In this case, deadly conduct is a Class A misdemeanor that is punishable by a fine of up to $4,000 and one year in jail.

After Holy and his friend met the two officers at a bar, they went back to Holy's house to play foosball, police records said.

According to Dallas police reports, the four were drinking and playing foosball about 5:30 a.m. when Anderson began questioning the identity of Holy, whose songs include "Brand New Girlfriend."

Holy and his friend told police that Anderson and Loughridge pointed their guns at them and told them to get on the ground.

Before the officers left, the report says Anderson told Holy that he'd kill him if he said anything about the incident.

Holy declined to comment on the firings. "I have a lot to say when it's time to say it," he said.

Toby Shook, an attorney representing Holy, said the firings were "a no-brainer on Chief Kunkle's part."

"It's clear that everyone who has looked at the facts of the case have found these two officers aren't credible," Shook said. "They're the ones that got fired. They're the ones that fled the scene that night; the victims called 911 right away."

Loughridge declined to comment about that night except to say, "After listening to the 911 tapes, the level of credibility given these two gentlemen is astounding, and in fact, it's actually scary."

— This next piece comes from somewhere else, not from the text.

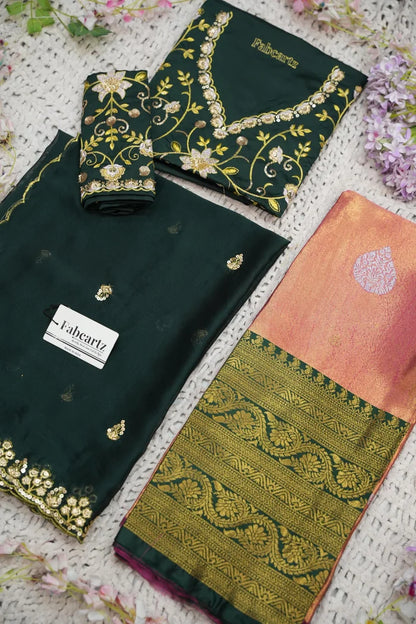 Beautiful South Indian Style Half Saree with Embroidery Work Blouse and Dupatta for Women | Ekta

Anderson had no comment except that he said he agreed with Loughridge.

In the 911 call, the operator sounds frustrated by an inability to get information from Holy, who tells her several time that he's a recording artist.

"Here's the problem, ma'am. I'm a recording artist, and -- ma'am? Are you listening to me?" he says at one point.

When she tries to ask Holy if the two officers left together, Holy answers: "He put a gun to our heads."

"OK, you told me that at least five or six times," she says. "I have that. I understand that."

Shook has acknowledged that his client had been drinking, but said the confusion heard on the 911 call came from the horror of what happened.